From the data underneath, reproduce exactly the stretch that begins at the line with "-曲氏老北京铜锅涮肉•火锅(不老街店)" and ends after the line with "3 Bedroom House".

MATERIAL TO PROCESS below:

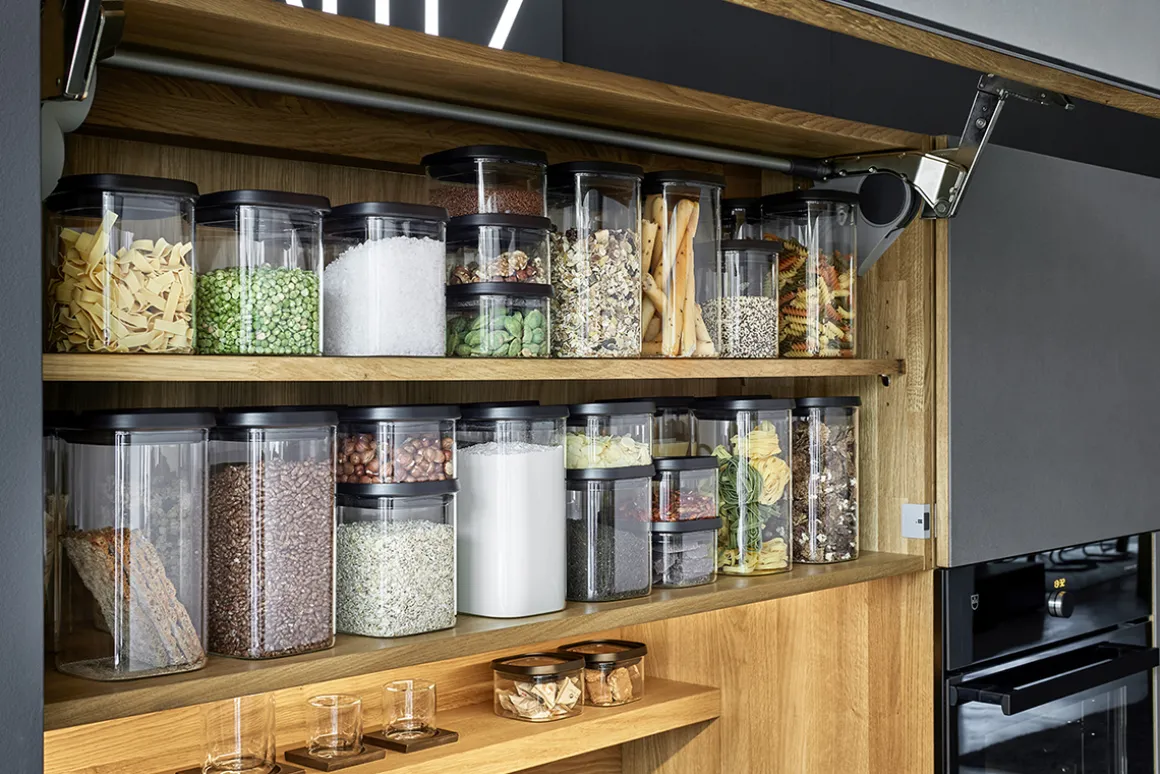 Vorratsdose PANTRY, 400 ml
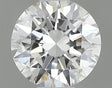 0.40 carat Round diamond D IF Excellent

End of MATERIAL TO PROCESS.
MATERIAL TO PROCESS below:

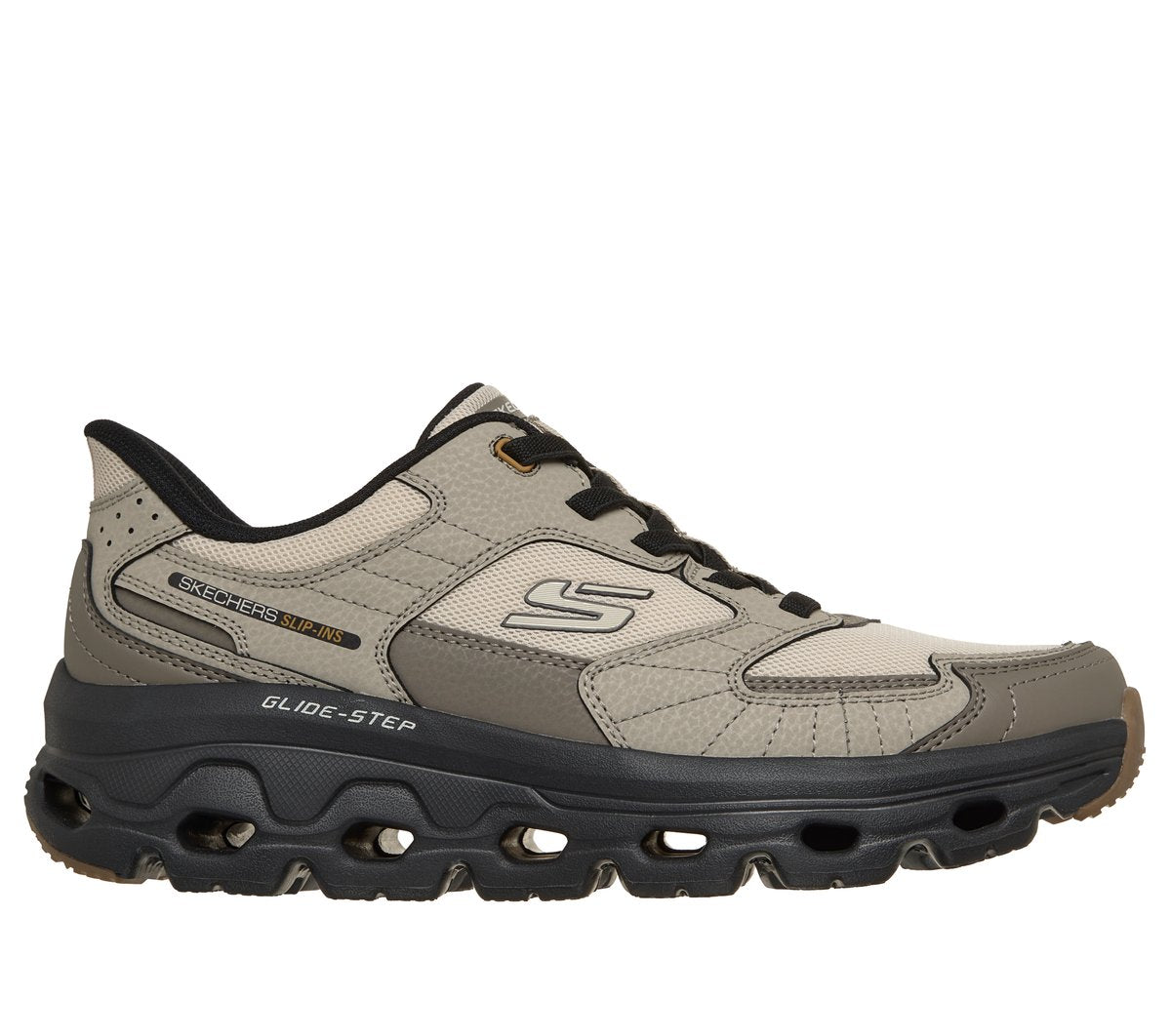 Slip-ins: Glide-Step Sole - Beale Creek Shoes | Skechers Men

End of MATERIAL TO PROCESS.
MATERIAL TO PROCESS below:

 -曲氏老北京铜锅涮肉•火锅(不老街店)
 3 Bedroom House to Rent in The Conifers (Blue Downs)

End of MATERIAL TO PROCESS.

[EXERCISE OUTPUT]:
 -曲氏老北京铜锅涮肉•火锅(不老街店)
 3 Bedroom House to Rent in The Conifers (Blue Downs)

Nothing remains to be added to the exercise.